Segment Start: Dataset excerpt

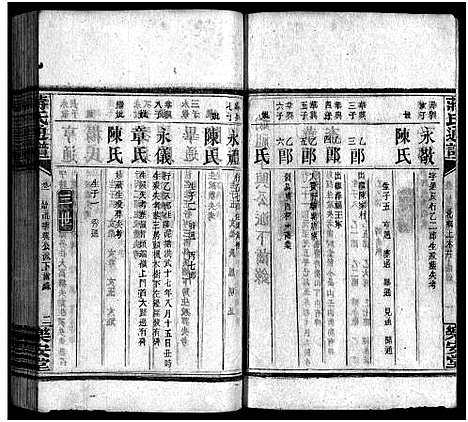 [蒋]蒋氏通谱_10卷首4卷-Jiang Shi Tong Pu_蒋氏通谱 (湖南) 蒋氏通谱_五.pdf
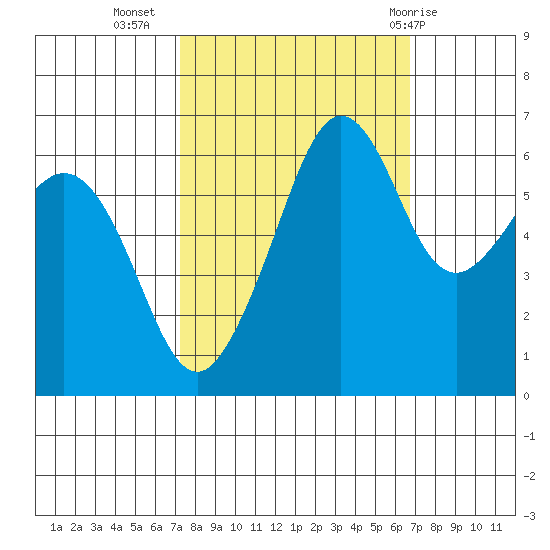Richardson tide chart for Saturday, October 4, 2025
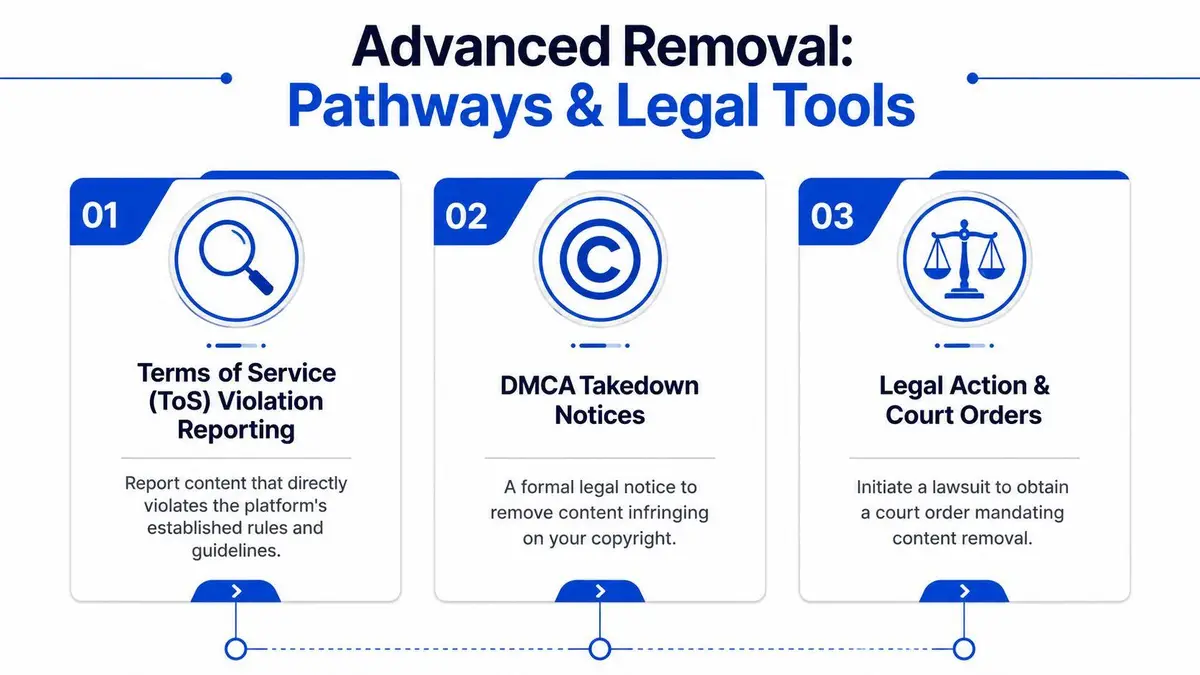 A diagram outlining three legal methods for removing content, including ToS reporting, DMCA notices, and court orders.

Segment End: Dataset excerpt

Exercise brief =>
Pictures in the listing above must be skipped; everything else should be copied exactly.

Response below =>
 [蒋]蒋氏通谱_10卷首4卷-Jiang Shi Tong Pu_蒋氏通谱 (湖南) 蒋氏通谱_五.pdf
Richardson tide chart for Saturday, October 4, 2025
 A diagram outlining three legal methods for removing content, including ToS reporting, DMCA notices, and court orders.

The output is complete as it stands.